The dogs took much longer than usual to stir this morning. When it was time to get up, so they could have their breakfast, and I my coffee, while Sherod slept in a little longer, Daisy seemed to struggle. Instead of the little trot that had always been the essence of her peppy self, she walked slowly to her bowl, looked at it and then went and got on her favorite chair to rest. I threw on my clergy clothes and found an emergency clinic for animals in Montgomery. At 6:30, I was flying down the road to take her. I hoped I’d have enough time to find out what was going on before I had to do my church stuff. When I checked her in, they told me it would be a while before they could actually examine her and they’d call me as soon as they knew something, so I went on to church. At 9:30, they called to say her liver was riddled with cancer, she hardly had any platelets left, and was starting to bleed internally. About an hour later, after a quiet visit, where I got to say thank you one more time and hold her in my lap, a kind, gentle woman vet euthanized her while Daisy leaned against me, the two of us together to the end.
Not long ago, one of my dad’s dogs was really sick, so sick we thought she might die that day; Sherod had used his tractor to open a small grave. I brought home my sweet girl and it was the harshest and most beautiful kind of grace to get to carry her body out through the garden I think she always saw as a smorgasbord of cat poop, into the pasture, past Jack one of our resident horses, and to the place where I could kneel down and gently lay her to rest. This was the biscuit princess of the universe so I put one of the biscuits she adored in for the journey. The sun beat down on me on this brutally hot and humid Alabama day, but I was so extraordinarily glad to get to bury her, shoveling the red Alabama dirt that stained her paws after four years of making this piece of paradise her home. When Sherod got home, he used the tractor to push some more dirt over her grave and tamp it down so she will truly get to rest in peace.

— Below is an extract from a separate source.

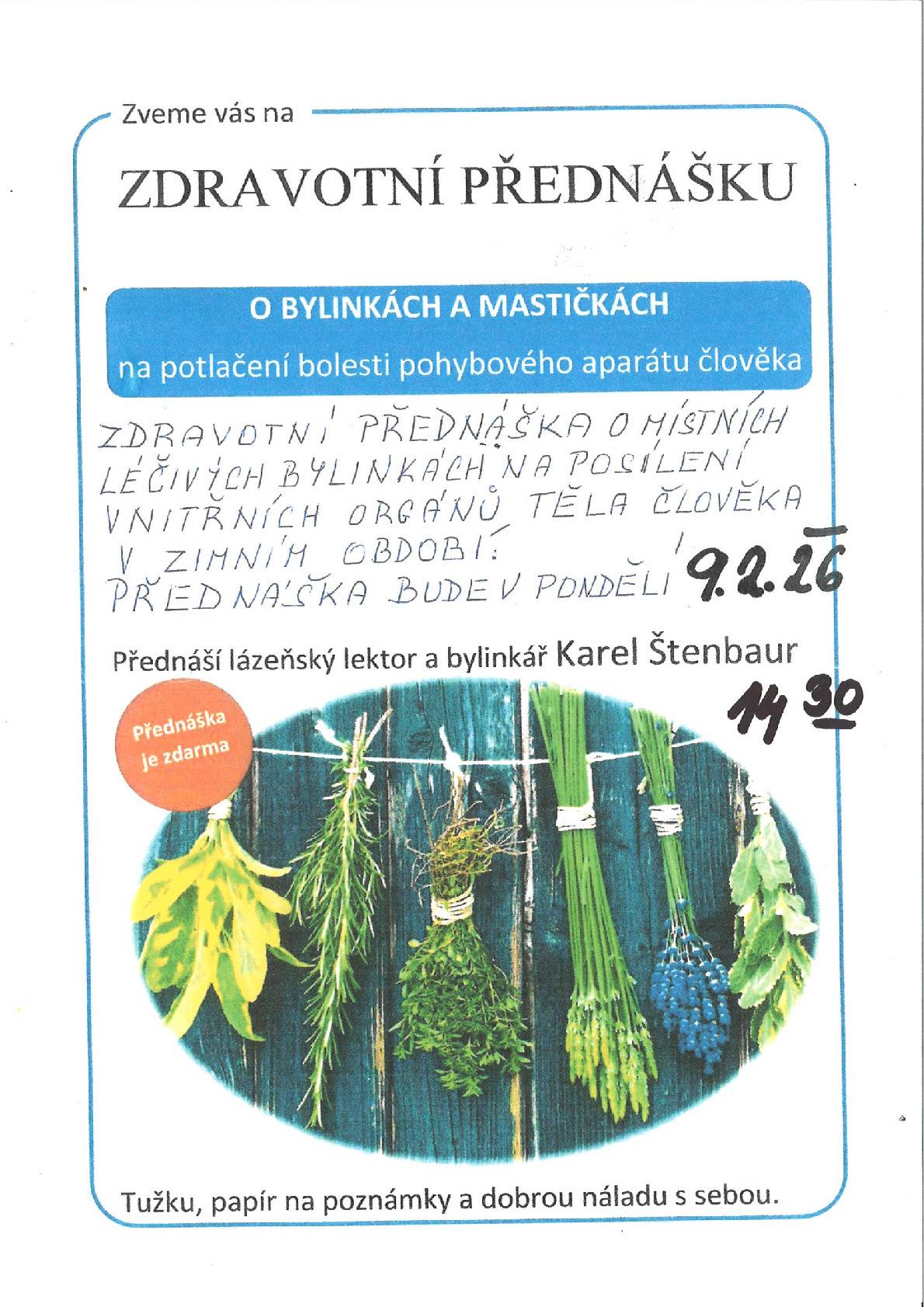 Hospůdka u Janičky ve Srubech zve v pondělí 9.2.2026 od 14:30 hodin na zdravotní přednášku o bylinkách a mastičkách na potlačení bolesti pohybového aparátu člověka v zimním období. Přednáší lázeňský lektor Karel Štenbaur. Přednáška je zdarma.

She, Spot, and Boo, the three Bandidos, comforted and healed me through the heartbreaking first weeks after I left my ministry and daughter in Southeast Florida. The other two had already gone ahead of her–Boo in 2014, Spot at the beginning of this year. They’re calling for storms today and this evening out here in Lowndes County so I may not get to see the stars. But this I know: tonight, God will be out there with that extraordinary little girl dog Daisy. Daisy will run and fetch stars with her Creator, and Boo, and Spot, and Polly. I can almost hear those little feet trotting back to God, ears perked up at attention, and her eyes shining with joy. Once again, no, not just tonight, but always, I will give thanks with a grateful heart.